◆ RECORDS FOR THE EXERCISE
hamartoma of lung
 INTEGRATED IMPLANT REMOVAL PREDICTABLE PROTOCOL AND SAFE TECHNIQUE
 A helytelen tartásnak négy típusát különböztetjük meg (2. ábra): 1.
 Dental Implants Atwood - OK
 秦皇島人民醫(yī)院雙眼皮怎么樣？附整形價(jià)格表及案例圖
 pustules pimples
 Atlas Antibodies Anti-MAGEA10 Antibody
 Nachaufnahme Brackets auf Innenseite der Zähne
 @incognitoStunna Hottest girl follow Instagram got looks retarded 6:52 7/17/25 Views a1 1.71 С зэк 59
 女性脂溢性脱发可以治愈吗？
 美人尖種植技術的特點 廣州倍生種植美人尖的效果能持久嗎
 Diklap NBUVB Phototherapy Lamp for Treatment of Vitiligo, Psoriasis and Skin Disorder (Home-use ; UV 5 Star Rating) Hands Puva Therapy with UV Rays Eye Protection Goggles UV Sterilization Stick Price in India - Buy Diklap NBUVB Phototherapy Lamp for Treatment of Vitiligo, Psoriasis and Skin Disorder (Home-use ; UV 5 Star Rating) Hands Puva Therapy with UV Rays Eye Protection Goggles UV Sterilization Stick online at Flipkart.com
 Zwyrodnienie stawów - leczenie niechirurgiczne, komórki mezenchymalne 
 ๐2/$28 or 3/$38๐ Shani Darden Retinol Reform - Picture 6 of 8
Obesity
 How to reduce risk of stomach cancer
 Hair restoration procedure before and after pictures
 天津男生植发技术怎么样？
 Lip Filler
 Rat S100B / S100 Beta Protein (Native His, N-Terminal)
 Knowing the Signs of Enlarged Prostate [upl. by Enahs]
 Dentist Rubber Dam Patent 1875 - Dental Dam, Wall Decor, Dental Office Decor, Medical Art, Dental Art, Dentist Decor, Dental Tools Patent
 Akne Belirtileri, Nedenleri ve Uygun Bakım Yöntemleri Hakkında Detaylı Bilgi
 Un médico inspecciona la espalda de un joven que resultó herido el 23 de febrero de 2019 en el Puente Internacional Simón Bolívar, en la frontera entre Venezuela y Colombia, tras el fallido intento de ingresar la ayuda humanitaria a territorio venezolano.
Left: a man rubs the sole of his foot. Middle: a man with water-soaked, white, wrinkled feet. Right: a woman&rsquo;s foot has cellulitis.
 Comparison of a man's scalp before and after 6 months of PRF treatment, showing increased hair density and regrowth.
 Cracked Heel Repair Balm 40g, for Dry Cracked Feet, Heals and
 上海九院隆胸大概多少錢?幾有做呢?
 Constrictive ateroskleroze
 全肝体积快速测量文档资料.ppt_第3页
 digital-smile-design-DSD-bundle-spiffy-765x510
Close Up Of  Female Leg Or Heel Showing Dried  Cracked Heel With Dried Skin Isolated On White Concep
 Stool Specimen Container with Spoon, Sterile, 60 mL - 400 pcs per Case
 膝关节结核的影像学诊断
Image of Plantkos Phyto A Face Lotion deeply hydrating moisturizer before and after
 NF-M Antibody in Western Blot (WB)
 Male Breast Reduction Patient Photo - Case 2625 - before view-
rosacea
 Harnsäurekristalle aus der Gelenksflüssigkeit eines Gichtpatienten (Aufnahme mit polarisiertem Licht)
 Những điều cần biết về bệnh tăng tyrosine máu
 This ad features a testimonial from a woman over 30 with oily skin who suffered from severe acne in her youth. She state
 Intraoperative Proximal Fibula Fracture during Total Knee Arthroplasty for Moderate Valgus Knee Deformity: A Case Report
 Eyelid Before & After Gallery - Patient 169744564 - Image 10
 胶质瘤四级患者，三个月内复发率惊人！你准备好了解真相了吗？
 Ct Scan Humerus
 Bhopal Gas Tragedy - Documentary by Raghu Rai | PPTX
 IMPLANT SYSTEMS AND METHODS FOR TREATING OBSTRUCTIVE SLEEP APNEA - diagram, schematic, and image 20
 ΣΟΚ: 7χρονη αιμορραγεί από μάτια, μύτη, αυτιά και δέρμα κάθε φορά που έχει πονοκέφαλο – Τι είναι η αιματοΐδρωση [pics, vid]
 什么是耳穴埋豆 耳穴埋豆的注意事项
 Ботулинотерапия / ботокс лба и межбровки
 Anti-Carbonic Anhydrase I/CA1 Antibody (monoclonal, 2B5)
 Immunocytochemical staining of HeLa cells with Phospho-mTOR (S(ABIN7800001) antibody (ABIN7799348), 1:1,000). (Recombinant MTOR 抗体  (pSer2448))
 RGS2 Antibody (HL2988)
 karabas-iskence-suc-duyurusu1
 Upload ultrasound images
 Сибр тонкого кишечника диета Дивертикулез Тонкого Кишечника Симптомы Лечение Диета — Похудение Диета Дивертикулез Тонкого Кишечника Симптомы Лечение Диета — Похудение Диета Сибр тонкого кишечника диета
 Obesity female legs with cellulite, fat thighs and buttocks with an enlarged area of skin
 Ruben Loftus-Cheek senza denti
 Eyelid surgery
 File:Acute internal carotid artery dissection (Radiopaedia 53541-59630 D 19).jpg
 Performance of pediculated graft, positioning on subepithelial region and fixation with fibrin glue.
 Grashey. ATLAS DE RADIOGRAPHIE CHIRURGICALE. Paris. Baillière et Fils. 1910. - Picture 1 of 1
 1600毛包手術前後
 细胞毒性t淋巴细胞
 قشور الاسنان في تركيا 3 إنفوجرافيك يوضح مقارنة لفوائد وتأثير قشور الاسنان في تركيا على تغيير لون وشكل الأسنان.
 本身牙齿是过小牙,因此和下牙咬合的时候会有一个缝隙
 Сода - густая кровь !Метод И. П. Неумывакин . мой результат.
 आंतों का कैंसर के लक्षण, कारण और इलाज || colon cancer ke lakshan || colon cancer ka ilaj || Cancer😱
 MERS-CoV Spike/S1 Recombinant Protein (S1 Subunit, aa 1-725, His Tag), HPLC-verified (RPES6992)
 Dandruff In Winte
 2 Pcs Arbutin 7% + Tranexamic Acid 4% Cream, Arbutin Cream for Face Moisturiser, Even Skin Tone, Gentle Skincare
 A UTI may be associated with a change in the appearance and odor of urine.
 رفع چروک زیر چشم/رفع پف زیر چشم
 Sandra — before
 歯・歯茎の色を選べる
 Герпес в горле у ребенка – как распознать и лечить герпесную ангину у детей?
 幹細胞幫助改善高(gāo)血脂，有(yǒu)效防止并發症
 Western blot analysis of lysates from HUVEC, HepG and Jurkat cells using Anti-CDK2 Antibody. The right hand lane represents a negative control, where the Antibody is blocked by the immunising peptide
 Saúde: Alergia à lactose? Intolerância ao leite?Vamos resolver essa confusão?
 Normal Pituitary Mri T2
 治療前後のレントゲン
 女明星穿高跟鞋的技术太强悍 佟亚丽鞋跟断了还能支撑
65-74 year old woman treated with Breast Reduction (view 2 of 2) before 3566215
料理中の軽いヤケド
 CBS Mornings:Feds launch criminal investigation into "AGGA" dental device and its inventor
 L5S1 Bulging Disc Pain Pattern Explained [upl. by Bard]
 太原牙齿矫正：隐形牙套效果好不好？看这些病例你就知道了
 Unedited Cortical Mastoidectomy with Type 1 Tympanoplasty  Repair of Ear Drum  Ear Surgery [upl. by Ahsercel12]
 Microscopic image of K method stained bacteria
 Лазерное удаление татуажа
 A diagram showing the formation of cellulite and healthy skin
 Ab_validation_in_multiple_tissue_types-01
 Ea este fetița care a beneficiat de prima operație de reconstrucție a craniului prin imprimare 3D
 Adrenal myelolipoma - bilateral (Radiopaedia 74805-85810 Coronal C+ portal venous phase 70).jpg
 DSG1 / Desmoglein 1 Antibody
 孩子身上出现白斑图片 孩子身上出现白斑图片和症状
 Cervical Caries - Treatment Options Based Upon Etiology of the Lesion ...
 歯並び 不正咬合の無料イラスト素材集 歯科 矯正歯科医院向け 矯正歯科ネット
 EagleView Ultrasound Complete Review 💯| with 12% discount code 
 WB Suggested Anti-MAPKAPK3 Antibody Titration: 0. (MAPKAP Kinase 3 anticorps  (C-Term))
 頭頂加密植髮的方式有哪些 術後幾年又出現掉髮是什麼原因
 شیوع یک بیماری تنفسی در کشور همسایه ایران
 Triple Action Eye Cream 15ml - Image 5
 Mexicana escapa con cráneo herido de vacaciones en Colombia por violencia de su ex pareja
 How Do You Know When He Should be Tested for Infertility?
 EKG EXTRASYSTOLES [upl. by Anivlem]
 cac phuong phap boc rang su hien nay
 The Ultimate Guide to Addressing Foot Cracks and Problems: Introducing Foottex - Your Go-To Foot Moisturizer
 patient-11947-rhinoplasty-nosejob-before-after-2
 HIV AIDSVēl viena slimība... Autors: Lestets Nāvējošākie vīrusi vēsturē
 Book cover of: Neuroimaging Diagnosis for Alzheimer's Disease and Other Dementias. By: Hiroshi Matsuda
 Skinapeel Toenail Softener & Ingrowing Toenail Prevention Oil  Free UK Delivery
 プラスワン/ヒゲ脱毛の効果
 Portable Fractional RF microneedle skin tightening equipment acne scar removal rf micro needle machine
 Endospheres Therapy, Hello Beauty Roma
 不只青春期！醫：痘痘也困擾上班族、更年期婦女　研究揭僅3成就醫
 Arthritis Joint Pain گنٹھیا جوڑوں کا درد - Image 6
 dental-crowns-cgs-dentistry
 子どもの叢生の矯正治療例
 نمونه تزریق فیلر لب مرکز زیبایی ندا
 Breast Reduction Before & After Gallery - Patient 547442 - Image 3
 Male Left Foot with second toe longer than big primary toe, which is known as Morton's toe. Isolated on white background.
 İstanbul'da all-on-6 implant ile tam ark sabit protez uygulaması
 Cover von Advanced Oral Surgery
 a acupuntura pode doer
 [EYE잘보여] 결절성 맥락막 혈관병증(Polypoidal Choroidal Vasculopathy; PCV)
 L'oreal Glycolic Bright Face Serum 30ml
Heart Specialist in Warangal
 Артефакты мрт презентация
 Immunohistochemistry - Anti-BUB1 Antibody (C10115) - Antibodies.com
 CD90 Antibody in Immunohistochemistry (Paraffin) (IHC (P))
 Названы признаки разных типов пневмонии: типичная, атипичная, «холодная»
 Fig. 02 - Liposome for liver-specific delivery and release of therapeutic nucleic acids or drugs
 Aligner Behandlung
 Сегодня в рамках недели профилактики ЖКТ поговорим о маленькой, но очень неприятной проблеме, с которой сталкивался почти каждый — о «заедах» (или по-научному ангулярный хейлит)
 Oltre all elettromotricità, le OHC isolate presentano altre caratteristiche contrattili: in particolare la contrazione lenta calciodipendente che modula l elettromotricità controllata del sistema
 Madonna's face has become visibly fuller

◆ WORK REQUEST
Produce a word-for-word copy of everything above from the line holding "Immunocytochemical staining of" down to the line holding "2 Pcs Arbutin", with both of those lines kept.

◆ RESULT FOR THIS TASK
 Immunocytochemical staining of HeLa cells with Phospho-mTOR (S(ABIN7800001) antibody (ABIN7799348), 1:1,000). (Recombinant MTOR 抗体  (pSer2448))
 RGS2 Antibody (HL2988)
 karabas-iskence-suc-duyurusu1
 Upload ultrasound images
 Сибр тонкого кишечника диета Дивертикулез Тонкого Кишечника Симптомы Лечение Диета — Похудение Диета Дивертикулез Тонкого Кишечника Симптомы Лечение Диета — Похудение Диета Сибр тонкого кишечника диета
 Obesity female legs with cellulite, fat thighs and buttocks with an enlarged area of skin
 Ruben Loftus-Cheek senza denti
 Eyelid surgery
 File:Acute internal carotid artery dissection (Radiopaedia 53541-59630 D 19).jpg
 Performance of pediculated graft, positioning on subepithelial region and fixation with fibrin glue.
 Grashey. ATLAS DE RADIOGRAPHIE CHIRURGICALE. Paris. Baillière et Fils. 1910. - Picture 1 of 1
 1600毛包手術前後
 细胞毒性t淋巴细胞
 قشور الاسنان في تركيا 3 إنفوجرافيك يوضح مقارنة لفوائد وتأثير قشور الاسنان في تركيا على تغيير لون وشكل الأسنان.
 本身牙齿是过小牙,因此和下牙咬合的时候会有一个缝隙
 Сода - густая кровь !Метод И. П. Неумывакин . мой результат.
 आंतों का कैंसर के लक्षण, कारण और इलाज || colon cancer ke lakshan || colon cancer ka ilaj || Cancer😱
 MERS-CoV Spike/S1 Recombinant Protein (S1 Subunit, aa 1-725, His Tag), HPLC-verified (RPES6992)
 Dandruff In Winte
 2 Pcs Arbutin 7% + Tranexamic Acid 4% Cream, Arbutin Cream for Face Moisturiser, Even Skin Tone, Gentle Skincare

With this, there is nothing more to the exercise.